External learning resources:
- https://gibberblot.github.io/rl-notes/single-agent/function-approximation.html
- https://danieltakeshi.github.io/2016/10/31/going-deeper-into-reinforcement-learning-understanding-q-learning-and-linear-function-approximation/
- https://www.youtube.com/watch?v=wAk1lxmiW4c

In [None]:
class LinearQAgent:
    def __init__(self, state_size, action_size, alpha, gamma, epsilon, epsilon_min, epsilon_decay):
        self.state_size = state_size
        self.action_size = action_size
        self.alpha = alpha
        self.gamma = gamma
        self.epsilon = epsilon
        self.epsilon_min = epsilon_min
        self.epsilon_decay = epsilon_decay
        self.weights = np.zeros((state_size, action_size))

    def act(self, state):
        """Epsilon-greedy action selection."""
        if np.random.rand() < self.epsilon:
            return np.random.randint(self.action_size)  # random action
        # Exploit: linear model simply picks argmax among w[state]
        return np.argmax(self.weights[state])

    def update(self, state, action, reward, next_state, done):
        """Perform a Q-learning update with linear approximation."""
        q_value = self.weights[state, action]
        next_q = np.max(self.weights[next_state]) if not done else 0.0
        # Q-learning update rule
        difference = reward + self.gamma * next_q - q_value
        self.weights[state, action] += self.alpha * difference

    def decay_epsilon(self):
        """Decay exploration rate."""
        self.epsilon = max(self.epsilon * self.epsilon_decay, self.epsilon_min)
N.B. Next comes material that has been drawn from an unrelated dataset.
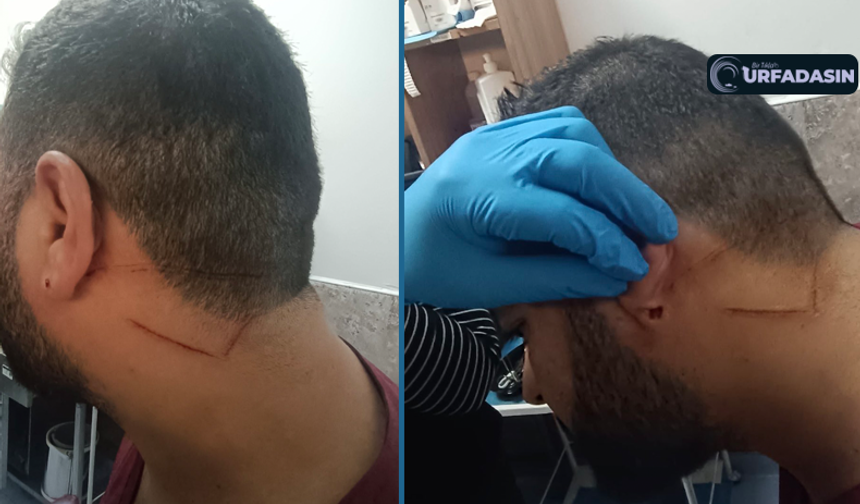 Şanlıurfa'da Sağlık Çalışanına Saldırı! Urfa'da Doktorlar İşte Bu Yüzden Kaçıyor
    def predict(self, state):
        """
        Returns a NumPy array of Q-values for all actions at the given state.
        Useful for visualizing or evaluating the learned policy.
        """
        return self.weights[state]


In [None]:
def train_linear_agent(
    num_episodes,
    max_steps,
    alpha,
    gamma,
    epsilon,
    epsilon_min,
    epsilon_decay
):
    """
    Trains a Q-learning agent using a linear function approximator in a Gym/Gymnasium environment.
    """

    # Derive state_size and action_size
    # If the environment is discrete (like FrozenLake), we can do:
    state_size = env.observation_space.n
    action_size = env.action_space.n

    # Initialize the Linear Q agent
    agent = LinearQAgent(state_size, action_size, alpha, gamma, epsilon, epsilon_min, epsilon_decay)
    rewards = []

    for episode in range(num_episodes):
        # For Gymnasium or Gym >= 0.26, reset() returns (obs, info)
        state, _ = env.reset()
        total_reward = 0

        for step in range(max_steps):
            action = agent.act(state)
            next_state, reward, terminated, truncated, _ = env.step(action)
            done = terminated or truncated

            # Update the agent
            agent.update(state, action, reward, next_state, done)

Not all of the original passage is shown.